President Abraham Lincoln reappointed Livingston Spraker as postmaster on August 25, 1856, and it was at that time that the money order system became effective. In April 1866, Webster Wagner was again appointed postmaster. The office at that time was located on the west side of the building occupied now by Reese's grocery store. Wilbur Thompson was the assistant postmaster.

Horatio S. Bunn was named to the post in April, 1870, and John Isenlord was made assistant. President Grant next appointed John L. Ellithorp and Theophlis Mathew became assistant. During Mr. Ellithorp's term, the postal made its first appearance. From July, 1885, to July 1889, Mr. Mathew was postmaster and Burton Persse was his assistant.
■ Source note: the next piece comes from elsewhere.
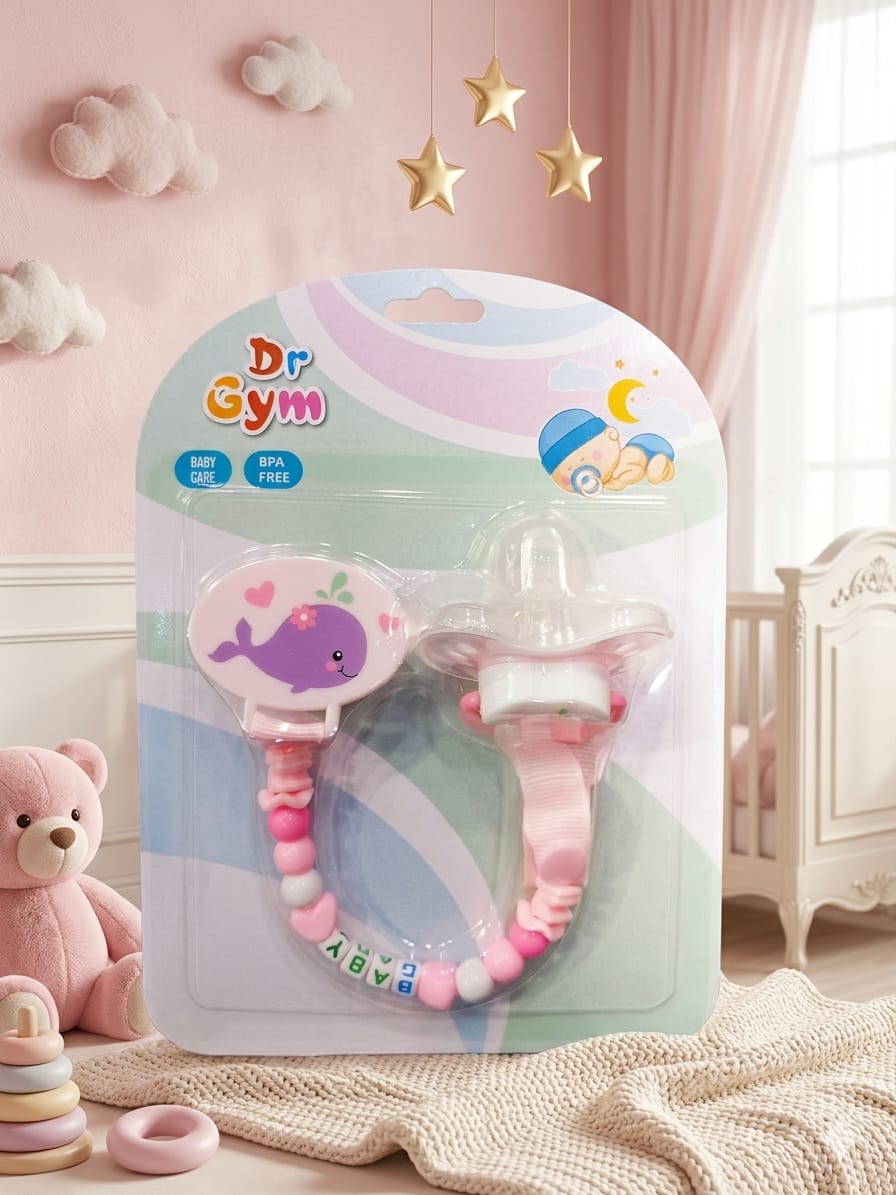 Nurtling Premium BPA-Free Baby Pacifier & Clip Set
That same year the office was moved to the house now occupied by Mrs. Belle Vosburgh and Henry S. Murray was postmaster and his son, Norman, was assistant. At this time the office was made a money order office. Under President Cleveland and in October, 1893, Augustus Fuller was named postmaster and E. H. Ireland his assistant. Four years later, President McKinley appointed Mr. Ireland to the post and for 13 years Mr. Fuller served as clerk. Later P. W. Coleman took his place and soon after Mr. Ireland's appointment the patrons desired to have a night mail. The superintendent of mails granted the request a short time later.
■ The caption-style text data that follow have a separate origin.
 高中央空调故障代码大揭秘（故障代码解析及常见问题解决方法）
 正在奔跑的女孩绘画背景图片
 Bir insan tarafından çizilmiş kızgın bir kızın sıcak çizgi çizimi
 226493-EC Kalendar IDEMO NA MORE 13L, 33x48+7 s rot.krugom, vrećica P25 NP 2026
E. H. Ireland remained in office until May 31, 1934, when President Roosevelt appointed Mrs. Anna W. Wohlgemuth as postmaster, the first woman to hold the important position. Mrs. Edith F. Miller is the assistant.


The first general cleanup day in the village was on June 26, 1832. The first health officer was Dr. John Atwater and the first Board of Health consisted of David Eacker, H. I. Ehle, Henry Lieberm, J. B. Alton, David Spraker and C. McVain.


The first town clock was erected in 1852. Eight years previously the village board contracted to pay $30 annually for the ringing of the bell in the Reformed Church three times a day, at sunrise, noon and 9 p.m.

Sheriff Nellis Was
Police Chief Here
Until January, 1937

Gerald K. Nellis, a native of St. Johnsville and former chief of police in Canajoharie, is serving as sheriff of Montgomery County, he having been elected to that office in November, 1936.

Gerald K. Nellis

Sheriff Nellis was born in St. Johnsville, a son of Frank and Amanda Stahley Nellis, he was appointed a member of the police department in that village in 1922 and later became chief of the department.

It was a few years later that his conscientious work was recognized by officials of the New York Central Railroad and he was encouraged to become a member of the railroad police department. He was at that time chief of police in St. Johnsville and had apprehended a dangerous criminal about to rob the railroad depot in that village.

After serving with the railroad department in Utica for a time, Mr. Nellis resigned and came back to Montgomery County. When Mrs. Sarah Wiers was appointed to serve the unexpired term of her husband as sheriff in 1933, she named Mr. Nellis as county investigator.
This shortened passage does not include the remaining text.